At this OSP my imaging was done with a Nikon D70 DSLR camera, a Nikon Coolpix 990 camera and an Orion StarShoot Deep-Space CCD Color Imaging camera. Tele Vue TV-60 60mm refractor, Orion 80 mmED refractor and Nikon camera lens were used with these cameras.
I just bought the Orion Sirius EQ-G mount with the GoTo hand controller four weeks before at the Mt Bachelor Star Party, July 26, 2006. I was looking forward to see how the mount would perform for imaging. Also, the Orion Sirius EQ-G mount is my first GoTo mount.
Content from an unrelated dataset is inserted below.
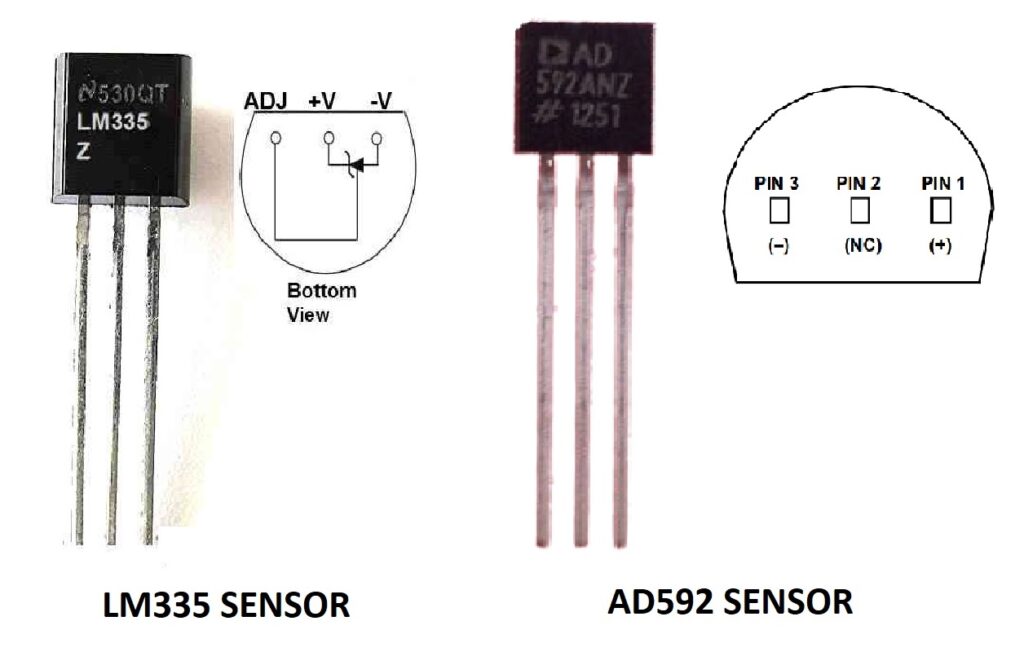 Interfacing LM335 and AD592 temperature sensors with PIC16F877A microcontroller for accurate temperature measurement.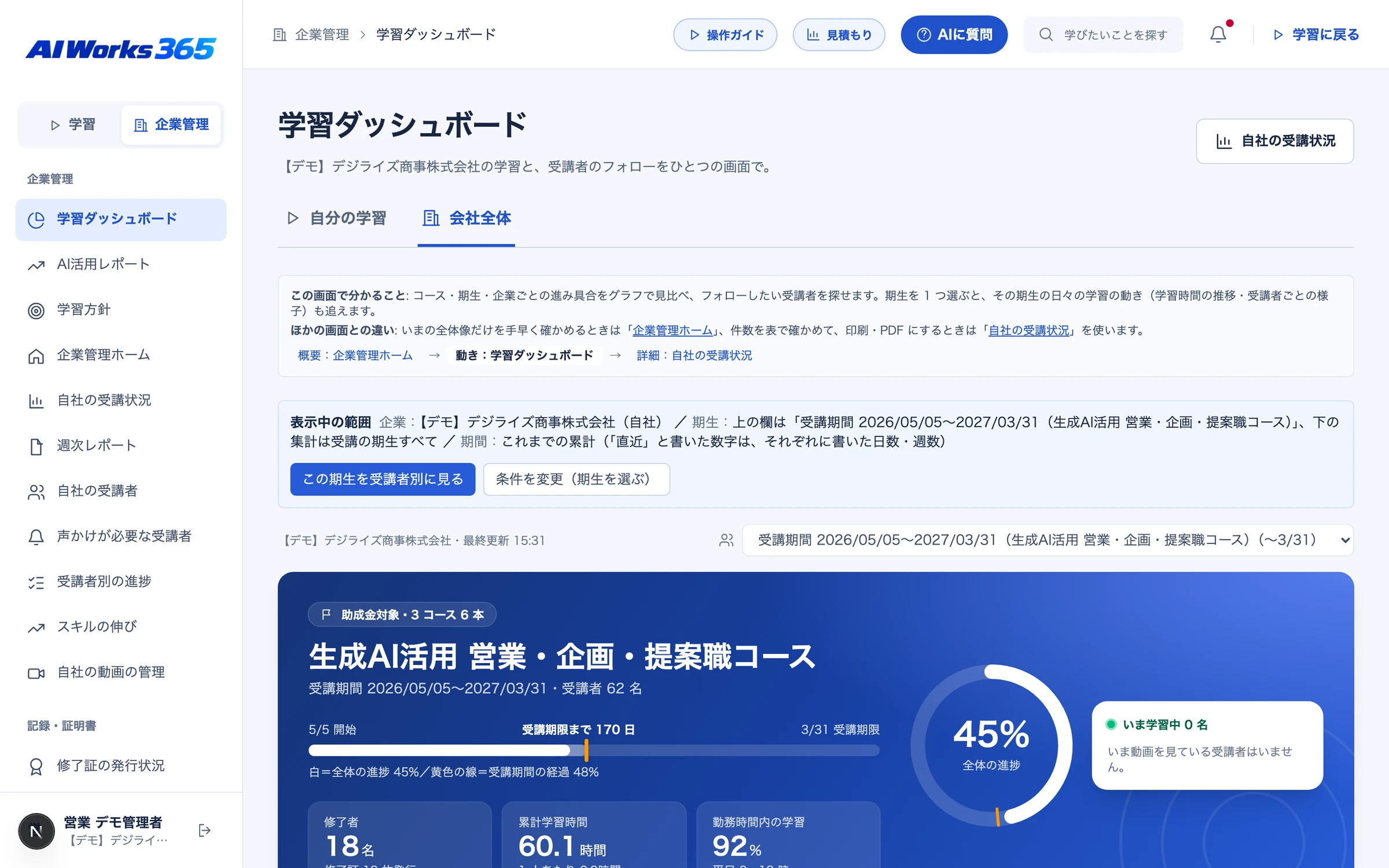 AI WORKS 365 の管理者の学習ダッシュボード(デモ環境・会社名と受講者は架空)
After years of looking, this summer I acquired a used Nikon 300mmEDIF f/2.8 camera lens to be used with the Nikon D70 DSLR camera. And lastly, I was looking forward to using the Orion StarShoot Deep-Space CCD Color Imaging camera for the first time at OSP.
As in previous OSPs, Mike Hagen and I arrived late Tuesday afternoon at OSP. The OSP imaging area was more populated on Tuesday then any of the previous years that I have attended. About one third more people were in the imaging area on Tuesday this year.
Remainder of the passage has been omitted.